ACTIVITY:
Whenever a line below holds the word "início", count it; please give only the final number.

Short web captions:
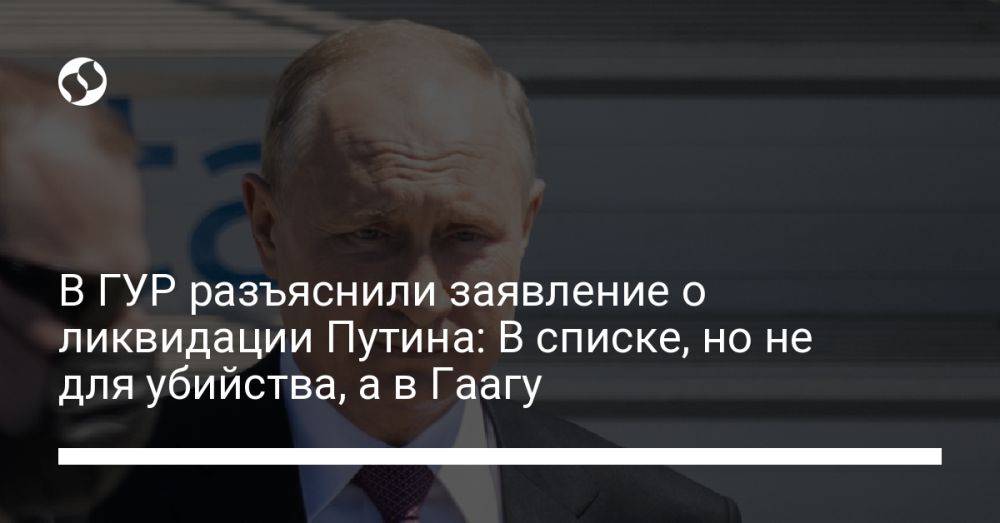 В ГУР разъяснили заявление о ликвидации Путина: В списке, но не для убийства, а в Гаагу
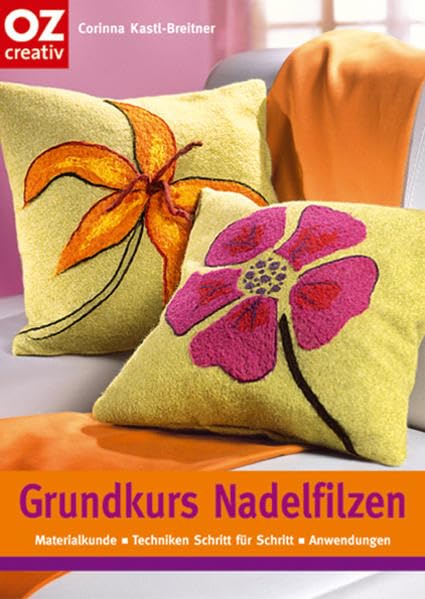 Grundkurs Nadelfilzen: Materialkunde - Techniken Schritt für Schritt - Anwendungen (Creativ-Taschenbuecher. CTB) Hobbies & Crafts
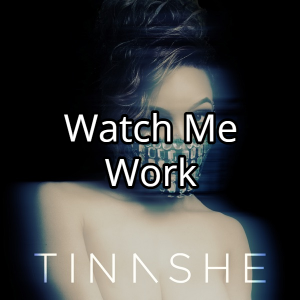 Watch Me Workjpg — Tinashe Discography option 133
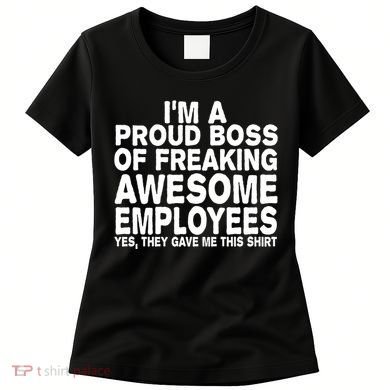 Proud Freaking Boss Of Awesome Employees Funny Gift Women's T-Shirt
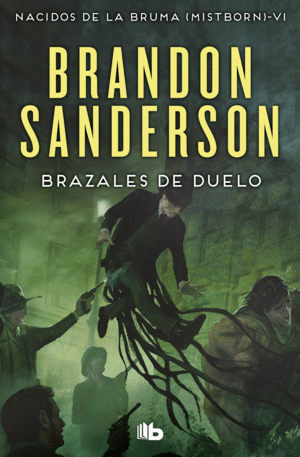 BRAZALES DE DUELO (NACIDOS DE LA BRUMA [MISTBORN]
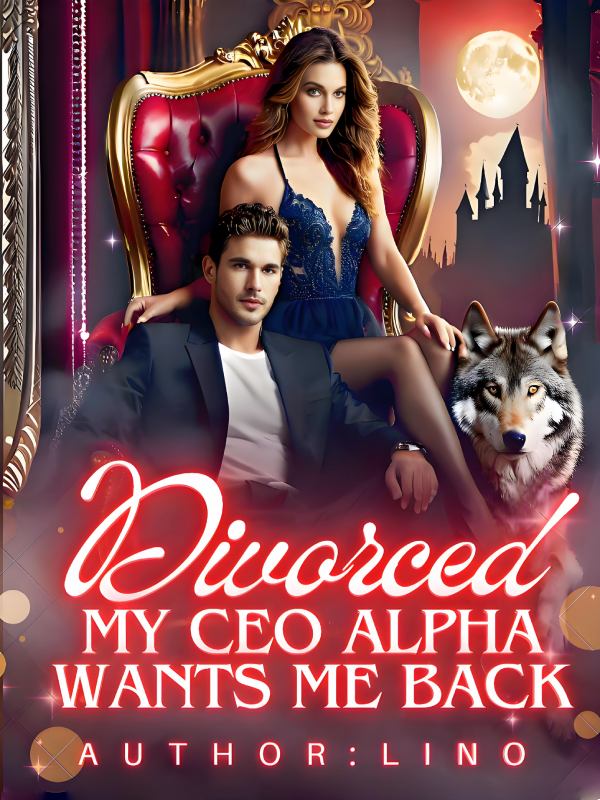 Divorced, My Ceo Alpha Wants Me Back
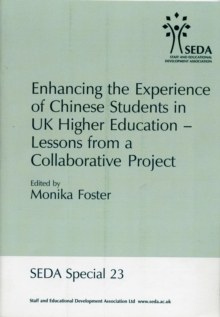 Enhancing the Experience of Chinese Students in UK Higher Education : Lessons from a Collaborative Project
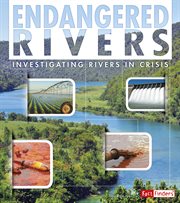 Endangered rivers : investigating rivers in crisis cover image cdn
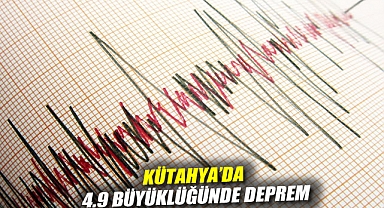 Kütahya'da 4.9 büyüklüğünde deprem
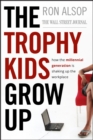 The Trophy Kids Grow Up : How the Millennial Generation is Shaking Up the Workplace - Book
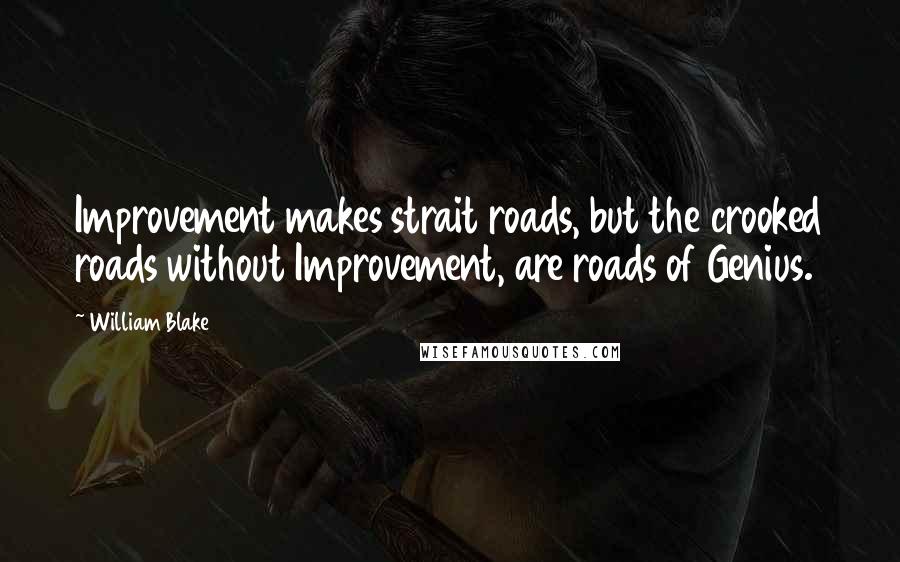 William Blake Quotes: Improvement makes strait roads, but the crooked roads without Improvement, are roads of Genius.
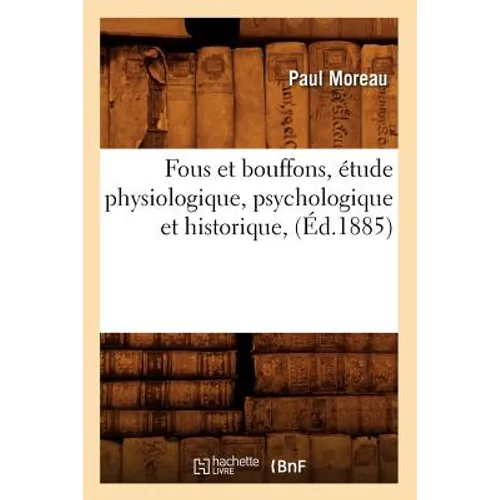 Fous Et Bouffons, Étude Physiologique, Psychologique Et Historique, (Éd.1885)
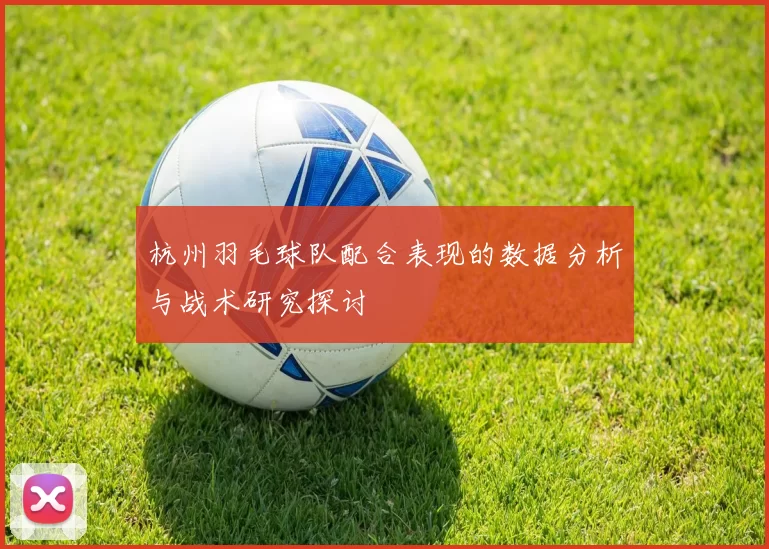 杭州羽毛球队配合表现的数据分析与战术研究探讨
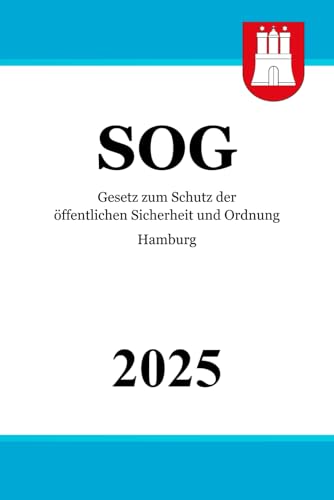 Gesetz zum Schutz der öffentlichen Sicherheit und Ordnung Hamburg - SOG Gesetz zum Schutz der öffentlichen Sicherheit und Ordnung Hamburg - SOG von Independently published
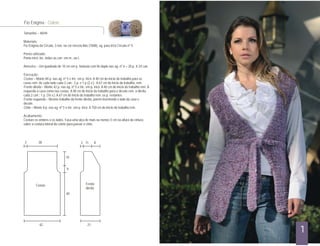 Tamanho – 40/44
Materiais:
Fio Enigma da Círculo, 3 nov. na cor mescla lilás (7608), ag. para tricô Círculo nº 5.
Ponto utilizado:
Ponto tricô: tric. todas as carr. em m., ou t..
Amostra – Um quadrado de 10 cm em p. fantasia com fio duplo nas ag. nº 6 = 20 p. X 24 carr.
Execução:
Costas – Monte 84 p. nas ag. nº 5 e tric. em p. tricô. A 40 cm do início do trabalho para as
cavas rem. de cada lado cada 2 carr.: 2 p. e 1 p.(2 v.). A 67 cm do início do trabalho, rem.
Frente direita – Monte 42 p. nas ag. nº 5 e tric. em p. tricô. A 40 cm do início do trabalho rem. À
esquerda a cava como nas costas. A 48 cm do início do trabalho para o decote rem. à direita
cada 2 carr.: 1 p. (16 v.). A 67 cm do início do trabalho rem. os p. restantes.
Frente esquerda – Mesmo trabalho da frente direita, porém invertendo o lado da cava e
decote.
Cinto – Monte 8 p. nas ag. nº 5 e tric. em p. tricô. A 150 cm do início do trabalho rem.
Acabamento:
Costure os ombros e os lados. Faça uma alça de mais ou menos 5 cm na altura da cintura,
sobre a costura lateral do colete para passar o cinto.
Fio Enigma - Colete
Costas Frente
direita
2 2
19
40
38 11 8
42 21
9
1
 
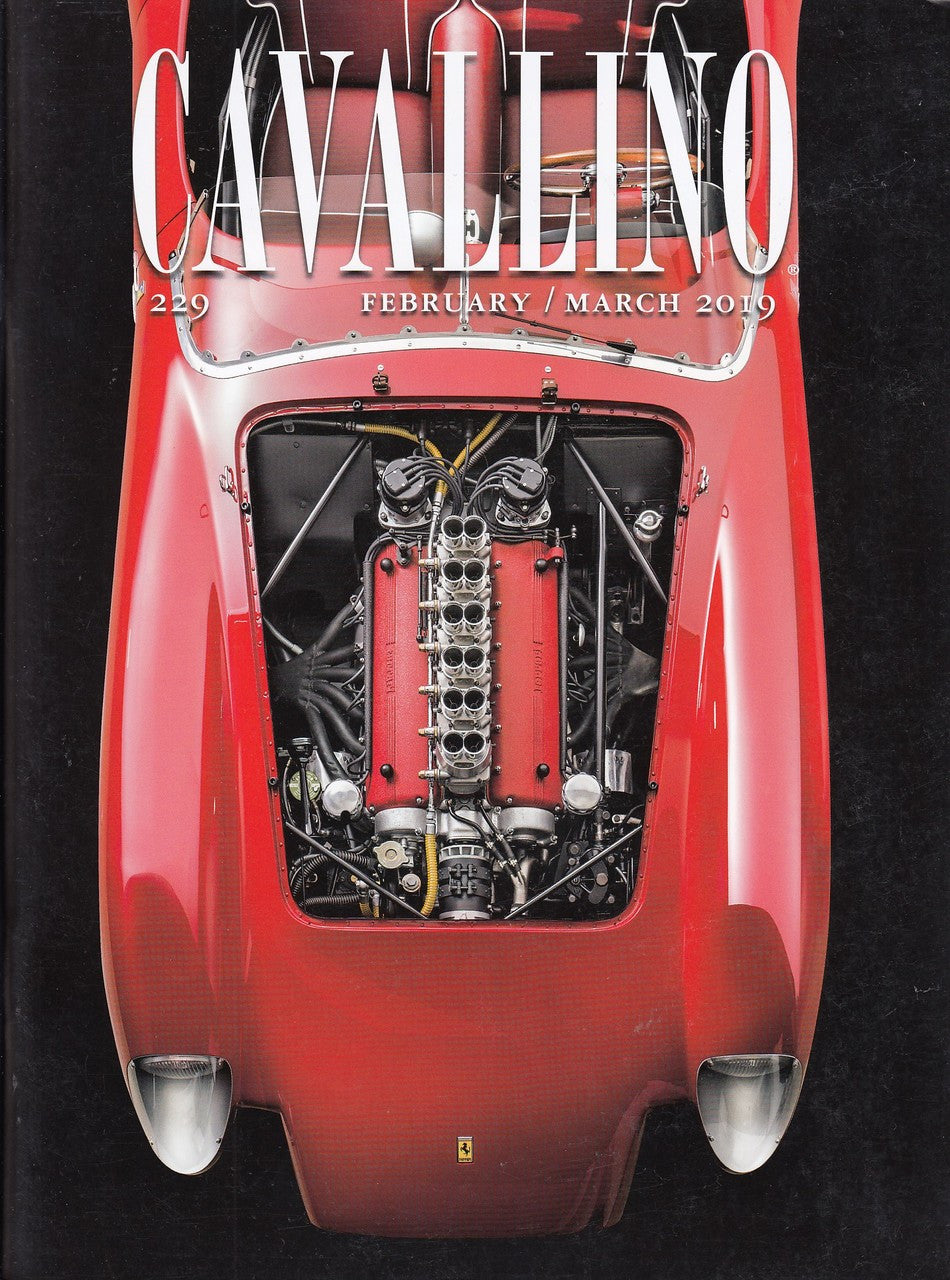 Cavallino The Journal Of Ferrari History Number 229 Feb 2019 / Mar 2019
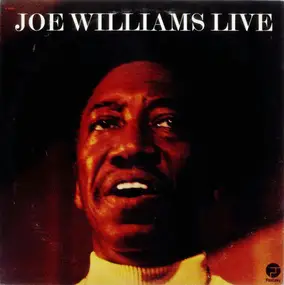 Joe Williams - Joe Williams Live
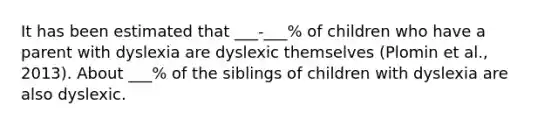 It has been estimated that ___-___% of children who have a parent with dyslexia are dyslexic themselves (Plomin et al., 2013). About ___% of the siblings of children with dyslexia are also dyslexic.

TASK SOLUTION:
6